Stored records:

----

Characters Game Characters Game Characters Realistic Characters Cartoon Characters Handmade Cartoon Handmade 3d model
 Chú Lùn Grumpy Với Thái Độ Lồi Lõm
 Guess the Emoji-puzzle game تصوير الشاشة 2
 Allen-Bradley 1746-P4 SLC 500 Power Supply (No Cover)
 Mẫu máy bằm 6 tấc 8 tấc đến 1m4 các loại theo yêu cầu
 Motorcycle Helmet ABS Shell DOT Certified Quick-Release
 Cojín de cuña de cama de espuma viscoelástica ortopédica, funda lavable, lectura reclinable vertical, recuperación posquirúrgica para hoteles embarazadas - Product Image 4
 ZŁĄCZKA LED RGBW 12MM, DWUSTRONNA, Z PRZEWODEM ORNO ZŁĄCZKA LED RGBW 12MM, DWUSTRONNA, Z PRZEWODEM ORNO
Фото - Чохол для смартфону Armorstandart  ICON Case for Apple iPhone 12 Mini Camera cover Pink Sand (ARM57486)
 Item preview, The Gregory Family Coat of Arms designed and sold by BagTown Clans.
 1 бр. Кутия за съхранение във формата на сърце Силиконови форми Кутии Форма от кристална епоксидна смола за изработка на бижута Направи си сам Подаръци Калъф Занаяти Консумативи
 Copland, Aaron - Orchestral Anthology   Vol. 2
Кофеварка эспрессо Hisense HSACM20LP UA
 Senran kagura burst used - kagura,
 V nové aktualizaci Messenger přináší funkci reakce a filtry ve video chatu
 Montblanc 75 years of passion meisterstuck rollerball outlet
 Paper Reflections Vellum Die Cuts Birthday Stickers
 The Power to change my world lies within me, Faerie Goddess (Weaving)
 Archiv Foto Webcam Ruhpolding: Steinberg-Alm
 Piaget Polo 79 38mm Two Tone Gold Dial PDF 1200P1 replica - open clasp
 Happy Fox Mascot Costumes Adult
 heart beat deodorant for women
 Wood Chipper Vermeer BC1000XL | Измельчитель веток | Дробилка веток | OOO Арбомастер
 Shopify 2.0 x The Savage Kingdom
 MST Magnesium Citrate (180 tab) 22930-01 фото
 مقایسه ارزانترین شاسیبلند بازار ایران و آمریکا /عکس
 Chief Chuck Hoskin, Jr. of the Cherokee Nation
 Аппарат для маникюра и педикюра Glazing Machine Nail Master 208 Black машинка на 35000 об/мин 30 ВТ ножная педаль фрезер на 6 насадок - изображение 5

----

TASK OBJECTIVE:
Taking the entries above, write out exactly each line from the one holding "Copland, Aaron - Orchestral" to the one holding "Paper Reflections Vellum", both included, and stop there.

REPLY TO THE EXERCISE:
 Copland, Aaron - Orchestral Anthology   Vol. 2
Кофеварка эспрессо Hisense HSACM20LP UA
 Senran kagura burst used - kagura,
 V nové aktualizaci Messenger přináší funkci reakce a filtry ve video chatu
 Montblanc 75 years of passion meisterstuck rollerball outlet
 Paper Reflections Vellum Die Cuts Birthday Stickers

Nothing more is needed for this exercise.